A única obrigatoriedade que a instituição financeira tem é informar ao cliente quais as taxas que lhe serão cobradas caso recorra a qualquer tipo de crédito.

 

Tendo em vista existirem expressivas variações entre as taxas de juros nas diversas instituições financeiras recomendamos:

 

  • Quando da contratação de um financiamento pesquise sempre a taxa de juros e demais acréscimos;

 

  • Evite comprometer demasiadamente seu orçamento com dívidas;

 

  • Evite empréstimos de longo prazo que embutem custos maiores;

 

  • Evite entrar no rotativo do cartão de crédito e do cheque especial que possuem as maiores taxas de juros;

 

  • O cheque especial não é renda e deve ser utilizado por um período curto e emergencial. Se tiver necessidade de usar este limite por um período maior procure a sua instituição financeira e faça um empréstimo pessoal (que tem custos menores) para liquidar o cheque especial;

 

  • Existem linhas de crédito mais baratas como o micro crédito que tem taxa de 2,00% ao mês, penhor de jóias da Caixa Econômica Federal e do crédito consignado com descontoem folha.
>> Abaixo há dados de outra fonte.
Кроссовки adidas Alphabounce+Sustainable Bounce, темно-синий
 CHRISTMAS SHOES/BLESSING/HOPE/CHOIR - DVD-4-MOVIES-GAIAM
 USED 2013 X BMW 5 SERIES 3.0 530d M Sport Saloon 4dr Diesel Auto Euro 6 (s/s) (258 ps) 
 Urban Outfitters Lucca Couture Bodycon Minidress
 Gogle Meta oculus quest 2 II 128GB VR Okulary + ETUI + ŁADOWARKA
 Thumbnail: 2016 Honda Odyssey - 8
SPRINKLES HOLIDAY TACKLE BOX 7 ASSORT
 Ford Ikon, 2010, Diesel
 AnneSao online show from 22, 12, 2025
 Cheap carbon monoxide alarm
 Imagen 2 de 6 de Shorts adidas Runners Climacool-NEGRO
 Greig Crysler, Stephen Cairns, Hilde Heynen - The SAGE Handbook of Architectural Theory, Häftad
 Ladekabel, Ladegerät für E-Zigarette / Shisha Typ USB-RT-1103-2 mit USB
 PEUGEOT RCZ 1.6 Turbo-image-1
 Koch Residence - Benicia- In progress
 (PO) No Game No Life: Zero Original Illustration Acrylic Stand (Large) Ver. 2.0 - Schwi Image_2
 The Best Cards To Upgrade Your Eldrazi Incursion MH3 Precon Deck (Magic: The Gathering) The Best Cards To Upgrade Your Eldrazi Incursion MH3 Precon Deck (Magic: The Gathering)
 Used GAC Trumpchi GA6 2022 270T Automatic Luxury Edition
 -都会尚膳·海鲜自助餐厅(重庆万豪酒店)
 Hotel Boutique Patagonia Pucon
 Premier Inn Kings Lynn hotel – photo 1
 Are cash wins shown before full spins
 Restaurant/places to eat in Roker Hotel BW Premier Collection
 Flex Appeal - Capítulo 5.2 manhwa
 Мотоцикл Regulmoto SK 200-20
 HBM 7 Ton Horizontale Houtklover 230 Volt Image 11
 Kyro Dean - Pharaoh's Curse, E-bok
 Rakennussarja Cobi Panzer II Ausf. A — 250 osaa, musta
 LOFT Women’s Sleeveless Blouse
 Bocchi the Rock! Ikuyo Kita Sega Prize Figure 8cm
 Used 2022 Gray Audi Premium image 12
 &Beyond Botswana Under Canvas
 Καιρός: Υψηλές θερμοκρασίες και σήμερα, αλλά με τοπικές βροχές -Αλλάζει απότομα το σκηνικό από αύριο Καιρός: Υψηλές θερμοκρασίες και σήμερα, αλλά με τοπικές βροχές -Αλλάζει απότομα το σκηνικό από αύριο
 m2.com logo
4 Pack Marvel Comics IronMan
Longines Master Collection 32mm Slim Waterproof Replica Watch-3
Assimcaso necessite de crédito veja a possibilidade destes empréstimos mais baratos;

 

  • Salientamos que a linha de crédito consignado  com  desconto em folha de pagamento/benefício do INSS já atinge hoje mais de R$ 180 bilhões correspondente a 59,1%  do total do crédito pessoal.

 

  • Necessitando de crédito para pagar uma dívida e não tendo condições de faze-lo não deixe suas dívidas crescerem mais por conta dos juros de mora e multas. Procure o credor de sua dívida e proponha uma renegociação do prazo e das taxas de juros em uma condição que consiga cumprir;

 

  • Se possível adie suas compras para juntar o dinheiro e comprar o mesmo à vista evitando os juros. Entretanto caso não seja possível pesquise muito, barganhe e compre nos menores prazos possíveis (quanto menor o prazo menor a incidência de juros).

 

  • Resumindo, use o crédito com moderação e conscientemente;

 

  • Como diz a campanha de uma grande instituição financeira privada de uso consciente  do crédito “ O crédito foi feito para você realizar seus sonhos, não para tirar seu sono”.